In questi giorni a Pompei, sito archeologico “Patrimonio Mondiale dell’Umanità” dal 1997, sono state riportate alla luce un’urna infantile e la tomba di una sacerdotessa in una zona posta all’esterno di Porta Nola, nei pressi delle antiche mura.
L’urna infantile è riferibile a quella di un neonato tra i 3 e 6 mesi di vita; l’altra tomba, invece, è un sepolcro monumentale forse attribuibile ad una sacerdotessa di Cerere. Sono anche stati ritrovati dei frammenti di osso lavorato, che decoravano il letto funebre di uno dei defunti. Gli scavi hanno già portato alla luce delle urne cinerarie nella tomba di Obellius Firmus, uno degli uomini più potenti ed influenti della Pompei d’epoca romana. Infatti fino al I secolo d.C. i defunti venivano bruciati, fatta eccezione per i neonati senza denti.

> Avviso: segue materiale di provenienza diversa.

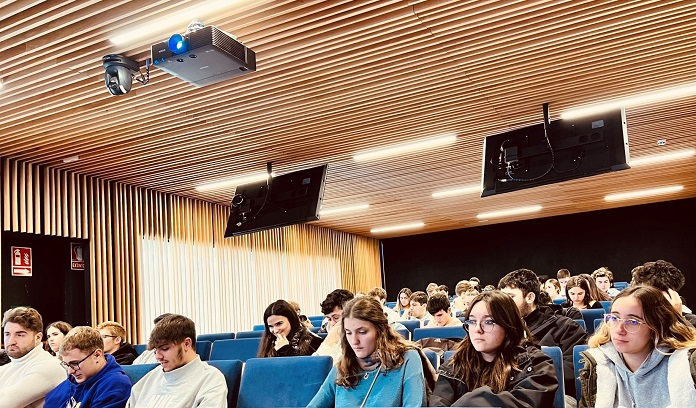 Alumnos aldea global La UFV celebra la VI Jornada de Comunicación con el director José Luis López Linares | Noticias de Actualidad UFV Estudiar en Universidad Privada Madrid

Stavolta Pompei ci ha restituito tesori nell’ambito dell’archeologia della morte, ambito estremamente affascinante. La campagna è stata condotta da una missione congiunta tra la British School di Roma e l’Università di Valencia, in collaborazione con la Soprintendenza Speciale per Pompei, Ercolano e Stabia. Il progetto si pone come obiettivo lo studio della popolazione di Pompei e, in particolare, l’andamento del popolamento in epoca romana, utilizzando i dati dell’area di indagine. Lo studio della necropoli permetterà, infatti, di indagare le caratteristiche sia fisiche che sociali degli abitanti di Pompei, oltre a conoscerne le abitudini alimentari, lo stile di vita ed i costumi funerari. Il progetto intende, quindi, indagare sui differenti ceti sociali attraverso diversi tipi di sepolture, di cui Porta Nola offre esempi emblematici. La ricerca sarà anche ampliata grazie allo studio dei calchi rinvenuti nell’area di Porta Nola, già durante lo scavo del 1976-1978.
Sulla base di queste ultime importanti scoperte, dal prossimo anno, ci saranno a Pompei nuovi percorsi dedicati alle necropoli e alla “sfera funeraria” degli antichi.
Pompei, la città teatro di uno dei più grandi disastri del mondo antico, rimasta muta per molti secoli prima della sua riscoperta, ha custodito a lungo storie di persone di ogni età e oggi continua a stupirci svelandoci tali meraviglie, dimostrando, ancora una volta, che “Pompei non è un ammasso informe di mutile macerie, materia esclusiva per le speculazioni erudite di un archeologo: è una rovina vivente… è la realtà stessa.” (Charles Garnier, 1892).